**Data shown**
================================

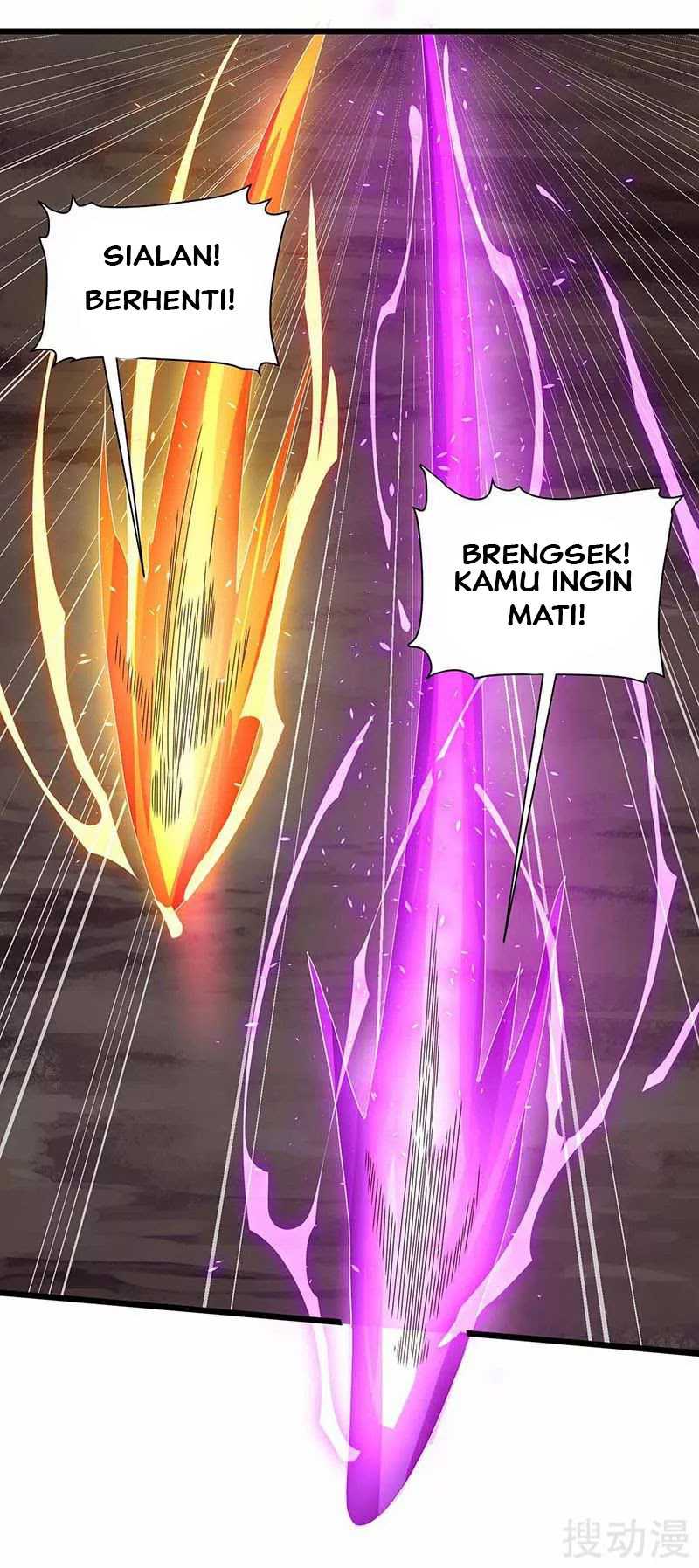 Baca  Strongest Leveling Chapter 138 Gambar 2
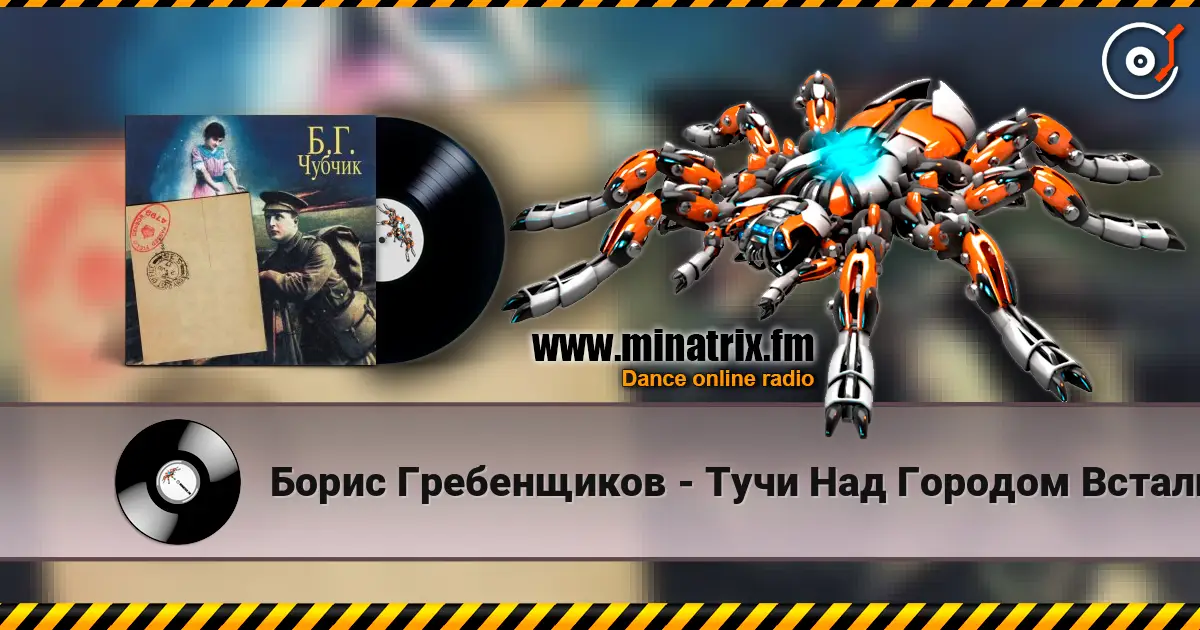 Борис Гребенщиков - Тучи Над Городом Встали жоғары сапада онлайн тыңдау | Minatrix.FM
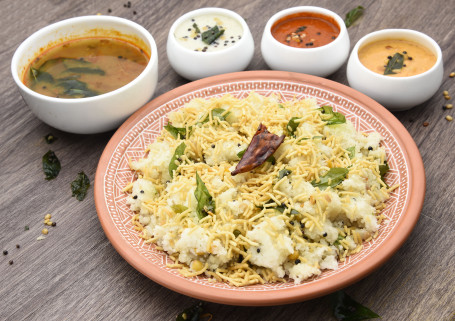 Cs Signature Upma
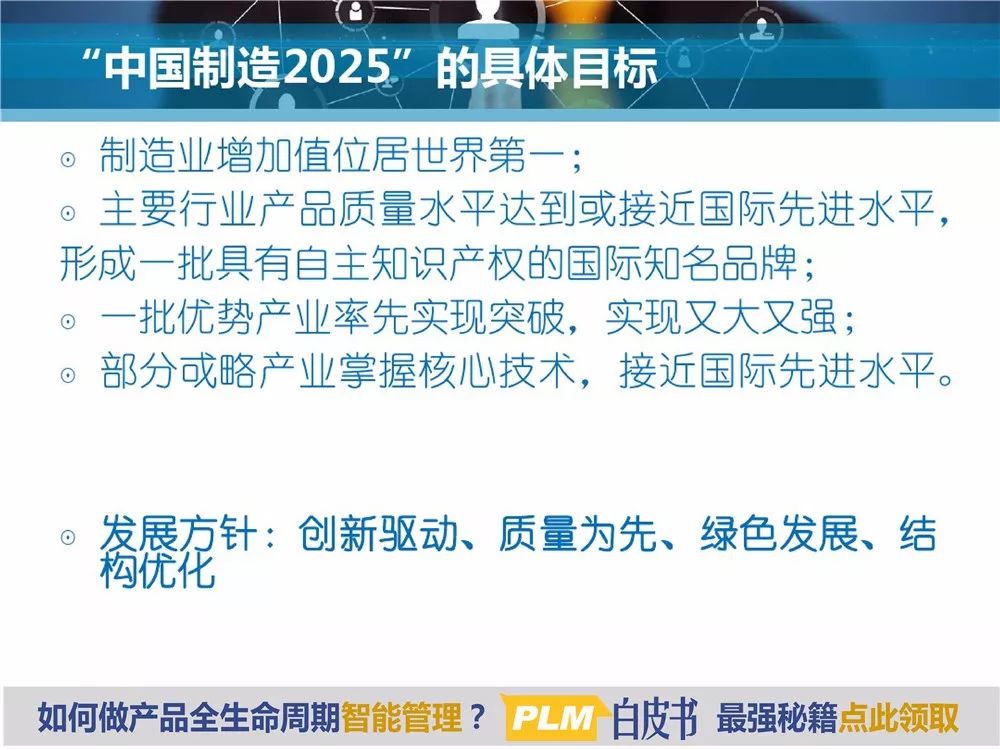2025澳門免費資料科學(xué)分析、解釋與落實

================================

Nothing but the pictures may be dropped as you repeat the listing above exactly.

**Final answer**
 Baca  Strongest Leveling Chapter 138 Gambar 2
 Борис Гребенщиков - Тучи Над Городом Встали жоғары сапада онлайн тыңдау | Minatrix.FM
 Cs Signature Upma
2025澳門免費資料科學(xué)分析、解釋與落實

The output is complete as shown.